За написанным угадываешь мысль потаенную, родившую рассуждения: среда, в которой художник оказался, где искусство стало холодным ремеслом, голым артистизмом и источником благополучия, среда атеистическая, нежели религиозная. Она требовала нравственного усовершенствования.
Рожалин, словно угадывая его мысли, говорил при очередной встрече:
— Дело поэта — подвиг. Свой венец художник покупает ценой жестоких мучений. Он часто встречает непонимание и даже вражду, но в творчестве своем живет всей полнотой счастья. Поэт и художник поднимаются над ремеслом, поскольку уделом обоих является мысль. Они познают действительность не только изображая отдельные ее явления; в художественном произведении выступает воссоединенным то, что в жизни и мышлении разъято.
— Каждый из нас, художников, заботится только о своей превосходительной индивидуальности, и только что ее устроит, то сейчас же и махнет на всех прочих, — отвечал Иванов. — Не говорю обо всех. Скажете, а закон христианский? А любовь к Богу и ближнему? Отвечу: этими вещами мы себе поставили обязанностию заниматься только в церкви, а вышед за порог храма, забываем их…
К религии Рожалин был, вероятно, равнодушен. В ноябре 1833 года, тяжело больной покидая Италию, он напишет Иванову с дороги: «Милый Иванов, я еще жив. А что делаю? Еду да еду со станции на станцию, какая скука!

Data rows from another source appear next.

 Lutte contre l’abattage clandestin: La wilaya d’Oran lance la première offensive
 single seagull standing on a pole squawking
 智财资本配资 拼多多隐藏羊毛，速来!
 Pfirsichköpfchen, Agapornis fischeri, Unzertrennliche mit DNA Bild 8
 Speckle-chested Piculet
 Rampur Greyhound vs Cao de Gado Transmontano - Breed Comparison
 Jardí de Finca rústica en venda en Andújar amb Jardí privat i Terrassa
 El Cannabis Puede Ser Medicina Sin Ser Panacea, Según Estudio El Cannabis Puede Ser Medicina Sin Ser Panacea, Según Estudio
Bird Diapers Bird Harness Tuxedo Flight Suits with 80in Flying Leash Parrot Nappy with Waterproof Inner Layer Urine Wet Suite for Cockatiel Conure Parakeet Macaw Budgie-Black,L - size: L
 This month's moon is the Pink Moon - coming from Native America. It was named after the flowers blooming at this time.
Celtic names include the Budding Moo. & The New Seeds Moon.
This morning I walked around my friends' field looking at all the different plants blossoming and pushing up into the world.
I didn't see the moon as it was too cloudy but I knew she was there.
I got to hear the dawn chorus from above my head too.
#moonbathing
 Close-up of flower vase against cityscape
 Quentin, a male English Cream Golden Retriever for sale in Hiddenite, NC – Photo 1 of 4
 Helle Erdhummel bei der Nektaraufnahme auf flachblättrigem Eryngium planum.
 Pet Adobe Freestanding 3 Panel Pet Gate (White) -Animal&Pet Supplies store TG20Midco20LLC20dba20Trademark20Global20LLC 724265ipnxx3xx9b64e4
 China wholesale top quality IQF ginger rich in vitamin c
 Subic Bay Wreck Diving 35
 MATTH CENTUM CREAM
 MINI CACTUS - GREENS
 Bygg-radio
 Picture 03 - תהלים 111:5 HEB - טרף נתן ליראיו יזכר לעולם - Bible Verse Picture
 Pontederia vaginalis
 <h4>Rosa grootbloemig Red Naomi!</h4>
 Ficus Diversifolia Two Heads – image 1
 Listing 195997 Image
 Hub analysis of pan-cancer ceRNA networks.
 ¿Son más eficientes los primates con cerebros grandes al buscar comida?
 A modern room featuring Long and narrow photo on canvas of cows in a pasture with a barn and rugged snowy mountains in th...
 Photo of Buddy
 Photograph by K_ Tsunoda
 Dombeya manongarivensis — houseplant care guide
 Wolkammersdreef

Да авось недалеко последняя, где все съедемся, только не увидимся по моей философии…»[23]
И не голос ли Рожалина слышишь, читая запись, сделанную Ивановым после одной из их бесед: «… желательно бы было, чтобы люди просвещеннейшие ускорили свой шаг к нравственному совершенству, или — что все равно — примирились бы с Евангелием Иоанна, ибо книга сия омерзела в глазах человека от вековых злоупотреблений и прибавок; разобрали бы критически, отделили бы речи Христовы к книжникам и фарисеям от речей к простому народу, видели бы сие Евангелие, как короткую записку, сделанную наскоро просвещенным Иоанном, коего любил Иисус более прочих учеников Своих, и стали бы продолжать, и пополнять учение Христово знаниями, купленными веками и теперь приведенными в порядок такой, какого нужно было, чтобы увенчать создание земли. Свет сей мы видим в Германии…»
Заметим, именно в период знакомства с Рожалиным у Иванова появляется много невразумительного и даже еретического в размышлениях, что не прошло, конечно же, мимо внимания родных. «…Что вас заставило сказать, что вера и упование на Промысел всегда должны быть со мною? Когда и где я отлучался от них? — укажите скорее на мои поступки сего рода!» — напишет Иванов в декабре 1831 года сестре, отвечая на ее упреки.
Впрочем, уже тогда критическое отношение к высказываемому, с оценкой более ученого, чем художника, помогали Иванову выделять главное.
Его не мог удовлетворить отвлеченно-умозрительный характер учения немецких философов («будем их [немецких философов] слушать только для изощрения нашего ума»).
Однако споры и беседы с Рожалиным по вопросам искусства помогли ему осознать призвание художника.
«Отцу моему я обязан жизнью и искусством, которое внушено мне как ремесло, вам я одолжен понятием о жизни и об отношении искусства моего к его источнику — душе», — как бы в знак благодарности скажет он ему.
К лету 1832 года встречи между ними становятся редки.
Закончив работу и отложив карандаш и бумагу, он вновь, в который раз брался за Библию.